How to Catch a Bogle was kinda sorta Harry Potter meets Charles Dickens, but more emphasis on Dickens than Potter. The story was engaging from page one, and I tore through this thing! Yes, the book is a young adult book, but it's a mature book. It doesn't shy away from the plight of poor people, children in particular, in Victorian England, and it paints a bleak picture of survival for those kids. Very few paths are open to them, and most end up thieving, locked up, or dead. Some of the dead ones wind up that way due to nasty, hungry bogles with a taste for kids. That's where Birdie comes in.
Birdie is a young heroine, but despite her small size she is plucky, strong, brave, and compassionate. She is a beautifully drawn character, and the reader would happily follow her anywhere as she practices her trade as a "'prentice" to a bogler (i.e., someone who dispatches the nasty buggers to the bogle afterlife).

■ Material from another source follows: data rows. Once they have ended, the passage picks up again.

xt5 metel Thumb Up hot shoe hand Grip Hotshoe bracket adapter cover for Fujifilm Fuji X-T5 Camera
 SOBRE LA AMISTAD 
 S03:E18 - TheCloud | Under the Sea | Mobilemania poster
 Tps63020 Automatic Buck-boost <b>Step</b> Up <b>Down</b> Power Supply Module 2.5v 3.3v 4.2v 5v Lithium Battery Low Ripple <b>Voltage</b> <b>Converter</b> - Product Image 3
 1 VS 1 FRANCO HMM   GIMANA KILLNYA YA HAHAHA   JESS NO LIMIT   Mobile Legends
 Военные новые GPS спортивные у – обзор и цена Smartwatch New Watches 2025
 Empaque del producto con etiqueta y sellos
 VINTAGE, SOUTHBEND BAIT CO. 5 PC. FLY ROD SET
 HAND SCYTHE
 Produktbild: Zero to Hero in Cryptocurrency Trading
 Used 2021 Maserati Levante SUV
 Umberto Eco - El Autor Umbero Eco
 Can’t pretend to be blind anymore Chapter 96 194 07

The book is fast paced, and would appeal immensely to those kids out there who tend to like darker stories. I'm not sure what age range this would best suit. My niece is ten, and while I think she'd like the story, I don't think she'd quite understand all of the words, particularly the street slang that Birdie and her peers use. There is a glossary at the end of the book, so that would help, I'm just not quite sure how much. I guess the only way to know for sure is to hand her the book. Which I may just do tonight.